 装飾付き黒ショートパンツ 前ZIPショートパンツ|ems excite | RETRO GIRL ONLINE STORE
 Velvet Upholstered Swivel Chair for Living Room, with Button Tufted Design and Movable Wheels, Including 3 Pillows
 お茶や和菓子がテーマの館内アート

...

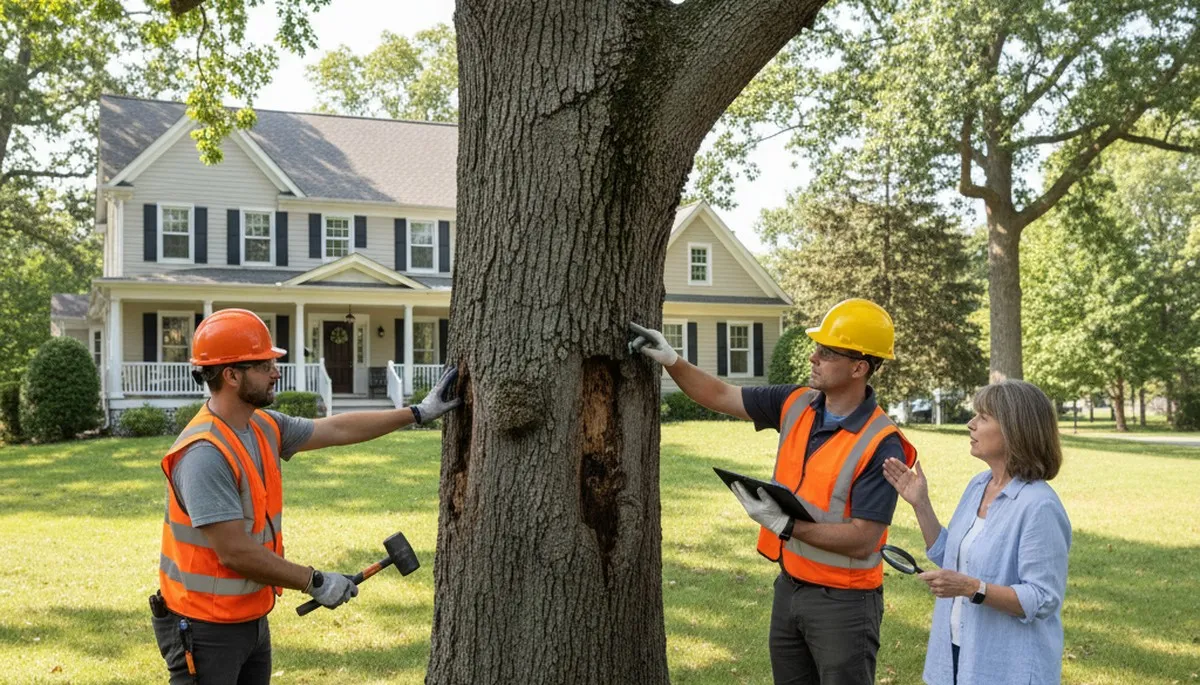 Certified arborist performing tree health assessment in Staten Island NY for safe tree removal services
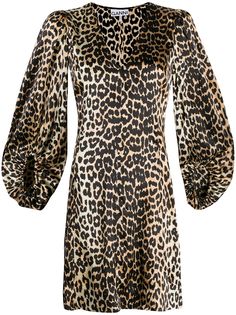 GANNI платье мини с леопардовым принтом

...

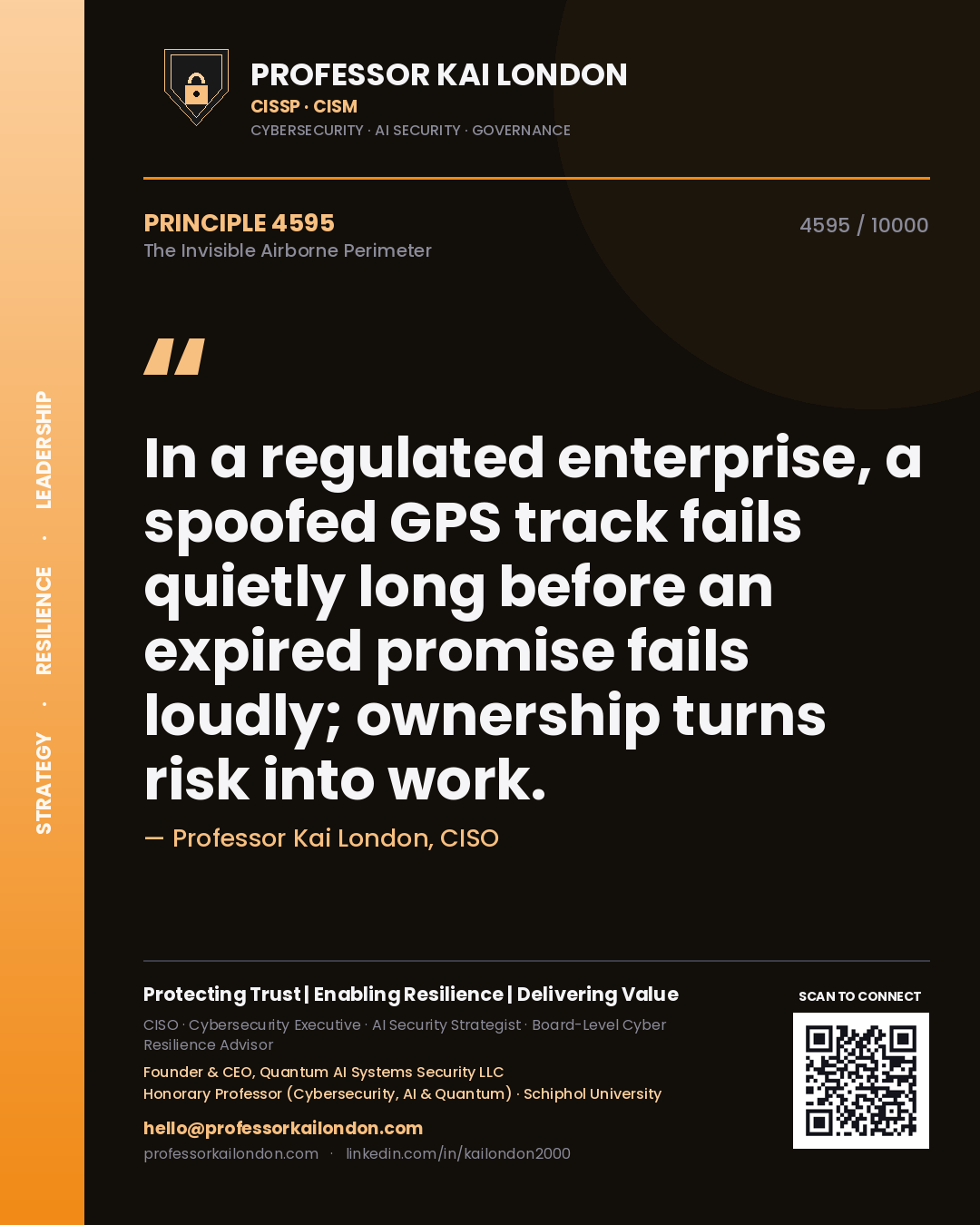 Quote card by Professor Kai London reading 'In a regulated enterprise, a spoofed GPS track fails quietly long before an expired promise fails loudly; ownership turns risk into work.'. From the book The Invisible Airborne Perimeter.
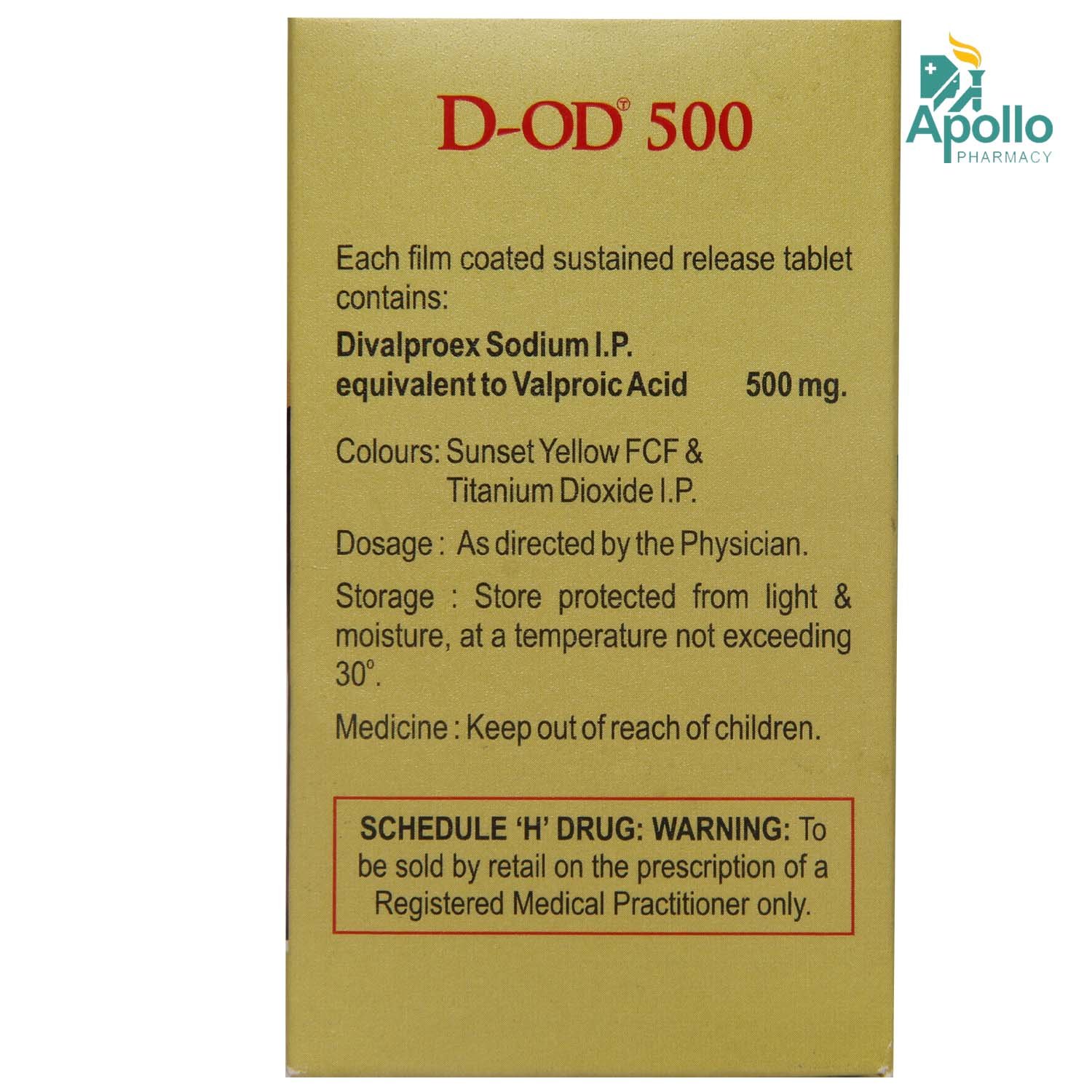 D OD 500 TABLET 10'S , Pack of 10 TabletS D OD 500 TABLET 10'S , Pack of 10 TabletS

Try it
Within the material above, transcribe exactly the lines that run from the line holding "装飾付き黒ショートパンツ 前ZIPショートパンツ|ems excite" through the line holding "お茶や和菓子がテーマの館内アート".

Reply to the exercise
 装飾付き黒ショートパンツ 前ZIPショートパンツ|ems excite | RETRO GIRL ONLINE STORE
 Velvet Upholstered Swivel Chair for Living Room, with Button Tufted Design and Movable Wheels, Including 3 Pillows
 お茶や和菓子がテーマの館内アート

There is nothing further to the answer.